[Perl.sig] Perl Tip of the Week - Subroutine and Regular Expression References

Litss Coordinator litss.coord at anu.edu.au
Tue Mar 1 12:04:59 EST 2005


From: Jacinta Richardson

==== Subroutine and Regular Expression References ====

     Last week we discussed variable references. These allow us to keep the
     identity of arrays and hashes that we pass to subroutines. References
     are also used to built complex data structures, which are important in
     many problem domains.

     This week we'll look at two other useful kinds of references:
     subroutines and regular expressions.


==== References to subroutines ====

     As well as taking references to variables, we can take references to
     subroutines. This is useful as it allows us to build dispatch tables,
     pass around processing functions and much more.

     To obtain a reference to a subroutine, we use a backslash, the same
     operator that we use to obtain a reference to a variable. However, to
     indicate to Perl that we want a reference to the subroutine we need to
     prefix the subroutine with an ampersand:

             my $sub_ref = \&my_subroutine;

     Leaving off the ampersand, or supply parentheses at the end of the
     subroutine name will result in a reference to its return value. This is
     an easy mistake to make when taking a subroutine reference.

     It's also possible to take a reference to an anonymous subroutine by
     using Perl's ``sub'' keyword without providing a subroutine name:

             my $sub_ref = sub { print "Hello World!\n"; }

     To invoke a subroutine to which we hold a reference, we simply use
     Perl's arrow notation:

             $sub_ref->(@args);


==   Dispatch tables   ==

     Often when we deal with input from a user, we often end up writing code
     handling a number of differing cases. In many of these cases our code
     often looks a lot like this:

             if ( $action eq "this" ) {
                     this();
             }
             elsif ( $action eq "that" ) {
                     that();
             }
             elsif ( $action eq "something else" ) {
                     something_else();
             }
             else {
                     unknown_action();
             }

     While this is certainly one way to do it; it can seem unwieldy and
space
     consuming. However with subroutine references we can create a very
     elegant and fast alternative:

             # Dispatch table (hash of subroutine references)
             my %dispatch = (
                     this => \&this,
                     that => \&that,
                     "something else" => \&something_else,
             );

             # Check that the action exists in our table
             if ( exists $dispatch{$action} ) {
                     $dispatch{$action}->();
             } else {
                     unknown_action();
             }

     This allows us to add or change new cases easily, in a single place,
     while simplifying our code. If your subroutines are designed to accept
     the same parameter list, then you can pass in parameters when you
invoke
     the subroutine:

             $dispatch{$action}->($dbh, $cgi, $status);


==   Passing around processing functions   ==

     A good example of passing a subroutine reference to another subroutine
     is when using the File::Find module. File::Find's ``find'' function
     takes a subroutine reference and a list of directories to search. The
     subroutine referred to is then used to process each file and directory.
     For example, to print the paths and file names of all the Perl scripts
     (assuming they end in .pl) in a directory tree we might write:

             use File::Find;

             find(\&wanted, '.');

             sub wanted {
                     print "$File::Find::name\n" if /\.pl$/;
             }

     File::Find's ``find'' takes a subroutine reference to make it easy for
     the programmer to specify what to do with each file and directory.
     Furthermore, as the subroutine reference is an argument to ``find'',
     this means that you can call ``find'' from different places in your
code
     each time with a different subroutine reference.

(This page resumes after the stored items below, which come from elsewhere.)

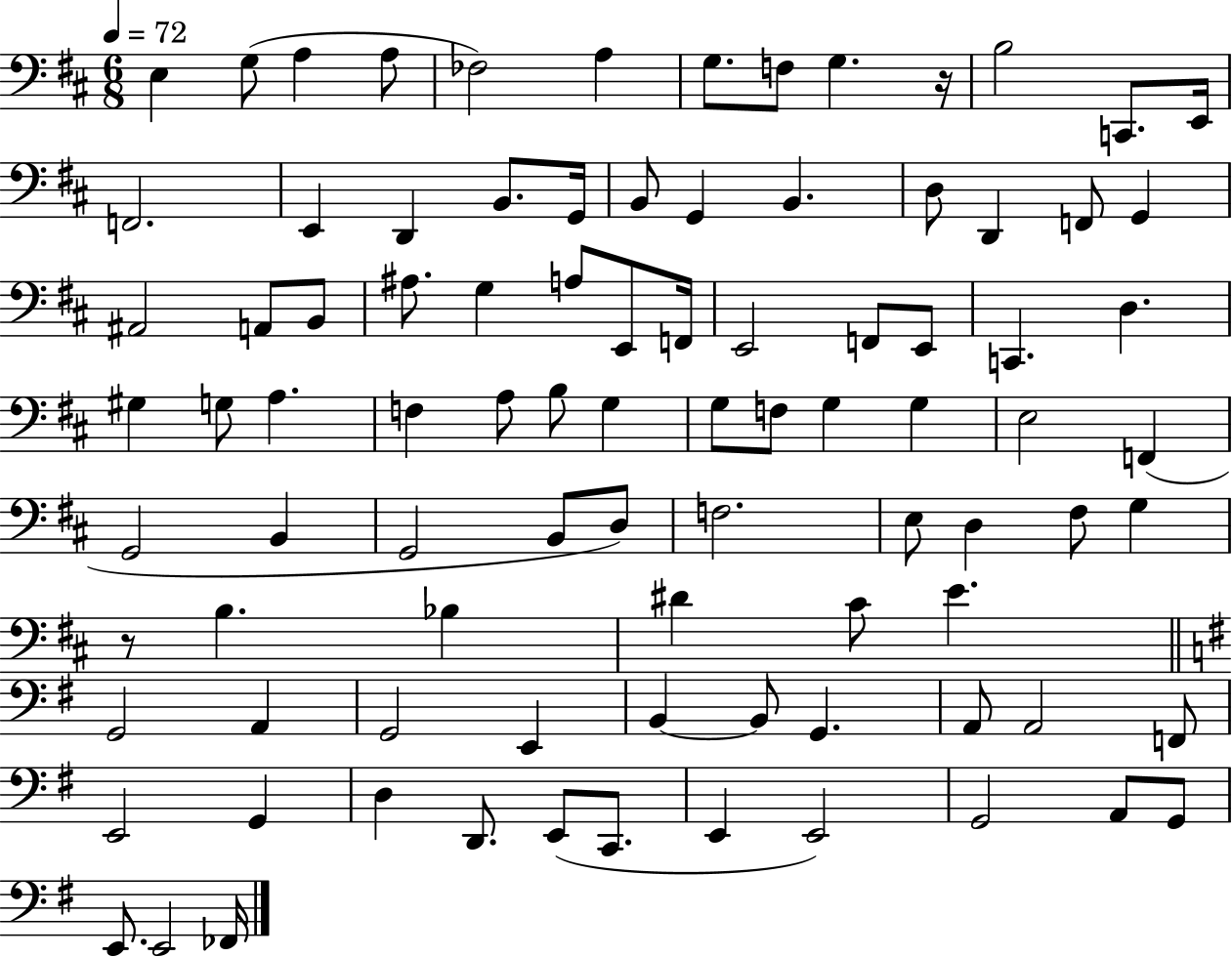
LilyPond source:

{
  \clef bass
  \numericTimeSignature
  \time 6/8
  \key d \major
  \tempo 4 = 72
  e4 g8( a4 a8 | fes2) a4 | g8. f8 g4. r16 | b2 c,8. e,16 | \break f,2. | e,4 d,4 b,8. g,16 | b,8 g,4 b,4. | d8 d,4 f,8 g,4 | \break ais,2 a,8 b,8 | ais8. g4 a8 e,8 f,16 | e,2 f,8 e,8 | c,4. d4. | \break gis4 g8 a4. | f4 a8 b8 g4 | g8 f8 g4 g4 | e2 f,4( | \break g,2 b,4 | g,2 b,8 d8) | f2. | e8 d4 fis8 g4 | \break r8 b4. bes4 | dis'4 cis'8 e'4. | \bar "||" \break \key g \major g,2 a,4 | g,2 e,4 | b,4~~ b,8 g,4. | a,8 a,2 f,8 | \break e,2 g,4 | d4 d,8. e,8( c,8. | e,4 e,2) | g,2 a,8 g,8 | \break e,8. e,2 fes,16 | \bar "|."
}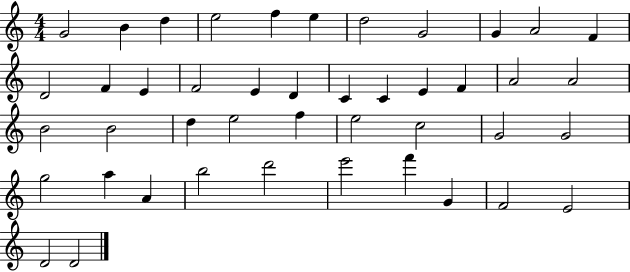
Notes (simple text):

G4/h B4/q D5/q E5/h F5/q E5/q D5/h G4/h G4/q A4/h F4/q D4/h F4/q E4/q F4/h E4/q D4/q C4/q C4/q E4/q F4/q A4/h A4/h B4/h B4/h D5/q E5/h F5/q E5/h C5/h G4/h G4/h G5/h A5/q A4/q B5/h D6/h E6/h F6/q G4/q F4/h E4/h D4/h D4/h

==   Ref and Subroutine References   ==

     To check whether something is a reference to a subroutine, we can use
     the ``ref'' function:

             my $sub_ref = sub { print "I'm a subroutine!\n" };

             print ref $sub_ref;             # prints CODE

     Unfortunately, it's not possible to dump a subroutine reference using
     ``Data::Dumper'' or other tools. Perl doesn't (yet) have a way of
     turning a subroutine back into code. If we do pass a subroutine
     reference to Data::Dumper, it will instead print a place holder:

             use Data::Dumper;
             print Dumper $sub_ref;          # prints $VAR1 = sub { "DUMMY"
};


==== Regular expression references ====

     Once you get used to the idea of passing around subroutine references
     for special processing needs, you might start thinking about whether
you
     can do the same with regular expressions. Well, you can, and it's also
     easy.

     To create a regular expression for use later, we use ``qr//'':

             my $regexp = qr/^Perl$/;        # a line only containing Perl

     This compiles the regular expression for use later. If there's a
problem
     with our regular expression, we'll hear about it immediately. To use
     this pre-compiled regular expression we can use any of the following:

             # See if we have a match
             $string =~ $regexp;

             # A simple substitution
             $string =~ s/$regexp/Camel/;

             # Comparing against $_
             /$regexp/;

     Regular expression references can save you time and effort and reduce
     the number of places where bugs can slip into your programs. For
     example, you might use the same regular expression which validates a
     filename:

             my $file = qr/\w+\.\w+/;

     If you check filename validity in more than one script or in more than
     one place in a script, then should your definition of a filename
change,
     you'll have to update the regular expression in multiple places.
     However, by using a regular expression reference, you can use the
     expression many times, but only need to update it in a single location.
     By giving your references appropriate names, you can also significantly
     improve the readability of your regular expressions:

             # Check our input refers to a valid filename:
             /^Filename: "($file)"\s*$/;

     An alternative to using ``qr//'' is to create your regular expression
as
     a string and pass that around. However, this requires Perl to recompile
     your regular expression fragment for each match. You also miss the
     advantage of compile-time errors for any syntax errors that may be
     present in your expression.


==   Ref and Regular Expression References   ==

     To check whether something is a reference to a regular expression, we
     can use the ``ref'' function:

             my $regexp = qr/^Perl$/;

             print ref $regexp;      # prints 'Regexp'

     Something very special happens when you use a regular expression
     reference as a string. It get turns back into a human readable
     representation of the original regular expression.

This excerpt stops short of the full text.